GURPS Humanx, "Roleplaying in Alan Dean Foster's Humanx Commonwealth", is a science fiction sourcebook for the GURPS (Generic Universal Role-Playing System), written by Curtis M. Scott, and published by Steve Jackson Games in 1987. It is based on the Humanx series of science fiction novels by Alan Dean Foster.

==Contents==
GURPS Humanx is a sourcebook that uses the second edition GURPS rules to define how to role-play within Foster's interstellar commonwealth of humans and the Thranx, allied insectoid aliens. The book is divided into eight sections:
1. Introduction
2. Humanx history: A history of the Humanx Commonwealth
3. Commonwealth Gazetteer: Descriptions of the mains worlds of the Commonwealth, their cultures, history, indigenous plant and animal life, and sapient lifeforms. It also includes scenario suggestions for the gamemaster.
4. Characters: Rules for character creation
5. Psionics: Rules for psionics
6. Spacecraft: Different types of spacecraft, and rules for spacecraft combat

The book also includes an introductory scenario set on the world of Moth, "A Message for Malaika". Several appendices list notable characters from the novels, contain space maps and include a summary of Foster's novels.

==Publication history==
Alan Dean Foster wrote his first Humanx novel, The Tar-Aiym Krang, in 1972. By 1987, this had expanded to thirteen novels and a number of short stories. That was the year that Steve Jackson Games (SJG) acquired a license to create a Humanx role-playing game. The result was GURPS Humanx, a 96-page book written by Curtis M. Scott with Mary Scot and J. David George, with cover art by Michael Whelan — taken from Whalen's cover art for the Ballantine Books edition of Foster's novel Nor Crystal Tears — and interior art by Daniel E. Carroll, Steve Crompton, Michael A. Goodwin, C. Bradford Gorby, Jennell Jaquays, Denis Loubet, Michael Surbrook, Jason Waltrip, John D. Waltrip, George Webber, and Dan Willem.

==Reception==
In Issue eight of Gateways, Alan Berkson called this "a detailed guide to this intriguing universe" and noted the marginalia that "contain useful tidbits of background information which highlight portions of the main sections." Berkson liked the depth of detail in the character generation rules, noting they outline "all the necessities for providing a character with background and gainful employment."

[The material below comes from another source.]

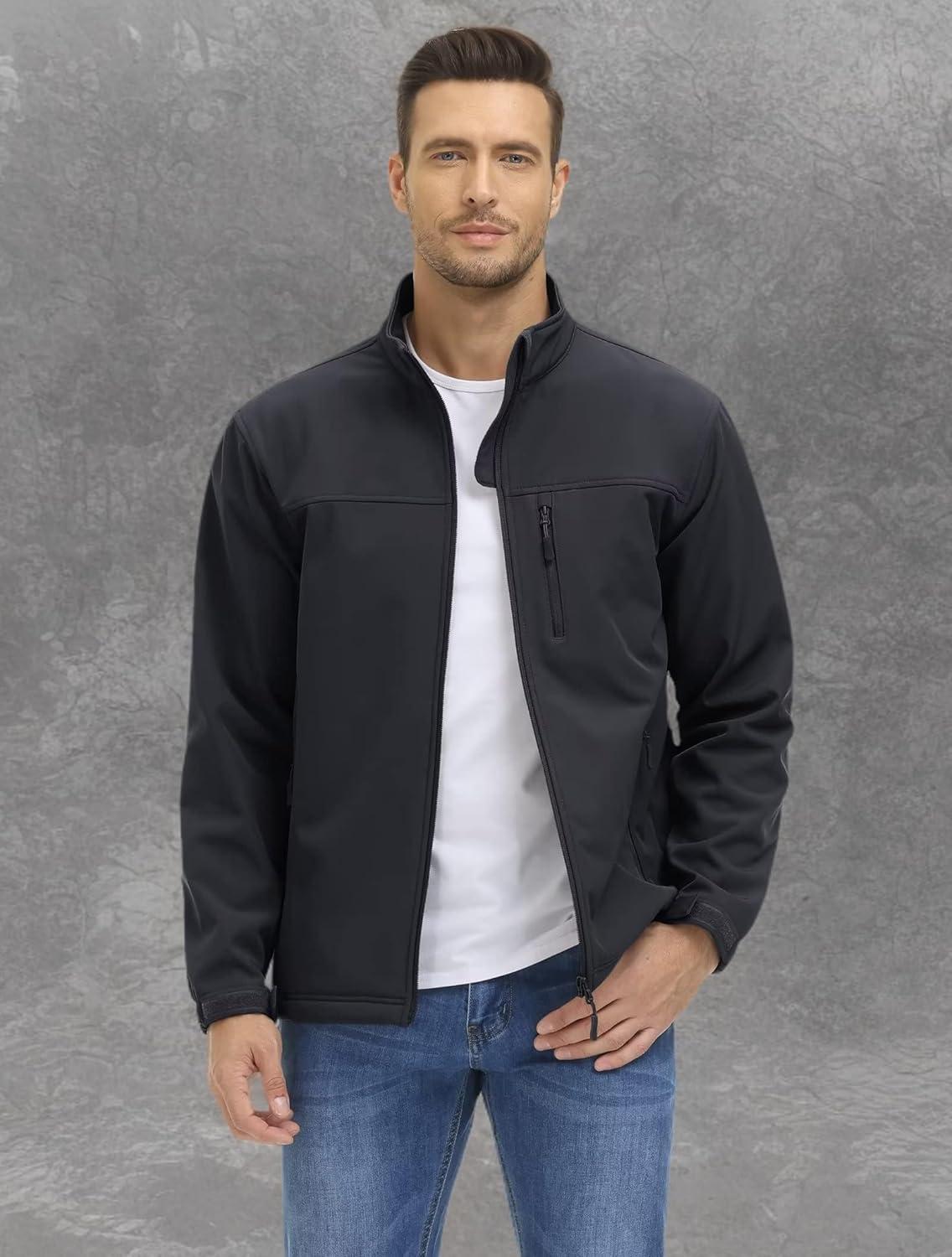 imageMAGCOMSEN Mens Lightweight Softshell Jacket Fleece Lined Tactical Waterproof Windbreaker Rain Jacket for Outdoor HikingBlack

In a retrospective review in Issue 12 of Diary of the Doctor Who Role-Playing Game, Nick Seidler called this, "one of the most utilitarian RPG supplements that we have seen. The overview of the whole Humanx setting is brilliant, and there is enough information in this product’s 96 pages to give a Game Master hundreds of ideas and modules within a futuristic setting." Seidler concluded by giving this game a rating of 4 out of 5, saying "The GURPS Humanx supplement may be an older product but it is well worth tracking down."

==Legacy==
The Space Gamer published a full-length GURPS Humanx adventure, "Doctor Niav's Papers", in their July–August 1989 issue.